当社でもつい2~3週間ほど前、道路を管理する熊本市より依頼を受け桜の街路樹の診断を行ったばかりでした。目視による簡易診断ではあったのですが、何れの樹木も木槌で幹を叩くと、明らかに内部の空洞を示すような音が聞枯れました。加えて枝の衰弱や樹皮の異常、キノコの着生も見られたため、5本すべてを伐採という判断をし報告書を提出ました。その報告書に基づき昨日から伐採作業にあたっていた矢先のニュースだったのです。
下の写真は枝をクレーンで吊るしながら切断している様子です。
枝折れや幹折れの危険があるとの判断だったので、花後すぐの作業となりました。
幹回りが2m弱はあります。植えられて40年以上は経っている立派なサクラです。
切断面を見てみると、内部が空洞になっておりシロアリに食害された痕がはっきりと見て取れます。樹皮も完全に枯れており、一部が剥がれている状態です。
下の写真は隣のサクラの切断面です。幹の中心が完全に空洞化していますし、周囲の若干色が変わった部分も腐った箇所になります。
このまま放置していれば、枯れ枝や弱った枝が折れる事も十分に考えられるのですが、空洞になった幹が途中で折れて、もっと大きな被害を引き起こす可能性もありました。
川崎のケヤキも植えられて36年ほど経っているとテレビでは言ってました。おそらく、このサクラよりは後で植えられたものでしょう。
昭和50年代頃に植えられ、30年以上経過した街路樹が日本全国には沢山あります。
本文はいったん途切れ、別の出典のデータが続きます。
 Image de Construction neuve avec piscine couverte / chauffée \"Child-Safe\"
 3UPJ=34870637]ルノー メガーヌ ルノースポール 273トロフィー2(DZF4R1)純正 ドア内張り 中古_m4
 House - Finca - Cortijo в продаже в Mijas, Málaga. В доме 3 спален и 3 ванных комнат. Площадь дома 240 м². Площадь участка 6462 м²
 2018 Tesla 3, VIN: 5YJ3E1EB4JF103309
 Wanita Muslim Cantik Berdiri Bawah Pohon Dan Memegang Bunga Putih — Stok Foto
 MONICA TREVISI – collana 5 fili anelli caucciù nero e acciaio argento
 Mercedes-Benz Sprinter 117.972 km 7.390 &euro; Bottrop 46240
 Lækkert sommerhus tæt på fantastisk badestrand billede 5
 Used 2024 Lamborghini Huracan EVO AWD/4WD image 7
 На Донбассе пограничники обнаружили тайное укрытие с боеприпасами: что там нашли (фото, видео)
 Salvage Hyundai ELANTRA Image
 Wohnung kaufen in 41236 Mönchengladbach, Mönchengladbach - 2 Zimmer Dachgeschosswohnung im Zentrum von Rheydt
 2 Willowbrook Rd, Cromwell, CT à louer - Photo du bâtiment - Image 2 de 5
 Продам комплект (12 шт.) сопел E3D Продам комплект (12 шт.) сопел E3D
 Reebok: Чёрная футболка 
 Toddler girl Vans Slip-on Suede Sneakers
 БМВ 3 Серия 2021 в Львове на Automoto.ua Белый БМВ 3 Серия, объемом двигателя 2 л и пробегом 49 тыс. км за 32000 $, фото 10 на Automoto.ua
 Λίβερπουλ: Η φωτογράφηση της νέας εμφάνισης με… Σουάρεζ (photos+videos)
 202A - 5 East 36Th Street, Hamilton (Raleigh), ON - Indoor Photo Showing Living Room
植えられた当初は木も小さく根を伸ばしていくスペースも十分だったと思われますが、成長とともに窮屈な状態となり、ストレスを受けています。さらに、邪魔になるという理由で枝が切られたり、道路工事などの際に根が切断されています。植栽当初の一時期を除き、この30年近くの間は街路樹にとってまさに受難の連続と言っても言い過ぎではないはずです。
幹や枝や根に傷を負い、倒木や枝折れの危険が街路樹などの公共の樹木で高まっています。
樹木が関連する事故を防ぐためには、事前の樹木診断が不可欠だと思います。まだまだ、一般には普及していない考えですが、我々樹木医がお役に立てるように、より一層頑張っていく必要がありそうです。
コメント
_ くーみ ― 2014/04/21 18:23
深い共感を覚えつつブログを拝見しました。町が焼け跡から復興し美しい町づくりが叫ばれ、緑化運動が盛んだった頃、日本国中でいっぱい樹木が植えられましたね。でも樹木も人間と一緒で老いて行くし、病気になるしほったらかしでは命が終わると言う事を、しみじみ考えさせられました。杜の都と歌われたわが熊本(わたしの小学校校歌です)の樹々を守って下さる事を嬉しく有難く思います。改めて皆がそういう事を考える警鐘でした、ケヤキの事故は。あの子供さん、ほんとに早くよくなってほしいですね!樹木医さん、がんばってください(ー_ー)!!ではまた・・・・。